Max BurkhardtSecurity Engineer, Figma

The Figma security team built out a system to securely provide access to internal applications. Security Engineer Max Burkhardt shares how we built the system, what we learned, and how this fits into our broader approach to security at Figma.

Over the last few months, the Figma security team has built out a system to securely provide access to internal applications using reusable cloud components and modern security technologies. We think this is a powerful pattern that can help teams across the industry protect their most sensitive internal apps. Here, Security Engineer Max Burkhardt is sharing a look at how we built the system, what we learned, and how this fits into our broader approach to security at Figma.

Figma, like most tech companies, relies on a suite of internally developed applications to make things work behind the scenes. From deploying our software to providing support functionality, the web tools we’ve developed are crucial to employee workflows. They also have stringent security requirements to ensure that only authorized employees can access them.
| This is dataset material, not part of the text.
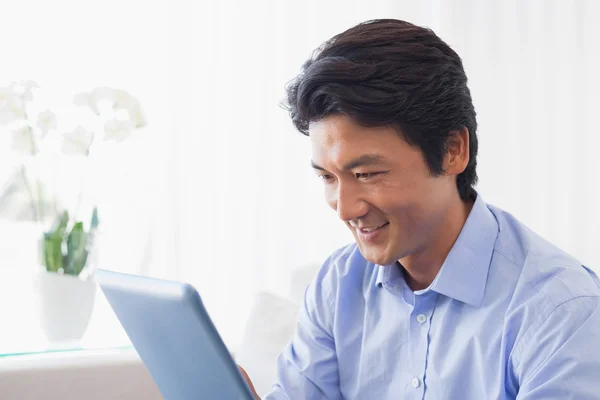 Szczęśliwy człowiek siedzi na kanapie przy użyciu komputera typu tablet — Zdjęcie stockowe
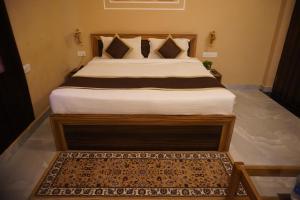 a bedroom with a large bed with a rug at Bagh mahal by jungle vibes in Sawāi Mādhopur +5 photos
Attackers and cybercriminals have a history of going after administrative backends as a way to target user data. To protect our users and their data, we set out to build a system that could provide safe access to internal applications.

Our approach maximizes off-the-shelf components for easy maintenance and security network effects, but ties them together in novel ways to ensure that we have the best security practices in place. From the start, we had a few requirements:

  • Smooth user experience. Employee productivity is one of our top priorities, so our authentication system must be fast, reliable, and easy to access.
  • Zero-trust principles. Signing in from a “trusted network” isn’t a guarantee of trustworthiness. When authenticating clients, our security model must rely on stronger assertions than network address alone.
  • Strong, modern authentication capabilities. We want to leverage the latest and greatest in web security technologies to protect our internal applications. Any engineer working on an internal app should be able to easily utilize defenses like WebAuthn within the system we build.
  • Centralized authorization. The Figma IT and security teams need to be able to effectively assign, monitor, and adjust permissions granted to employees. A system that is too distributed will quickly become difficult to understand or control, and lead to either over-permissioning or user frustration.
  • Minimal toil for the security team. As a small team with a broad surface to secure, our solution for application access shouldn’t require too much ongoing SRE or operational work.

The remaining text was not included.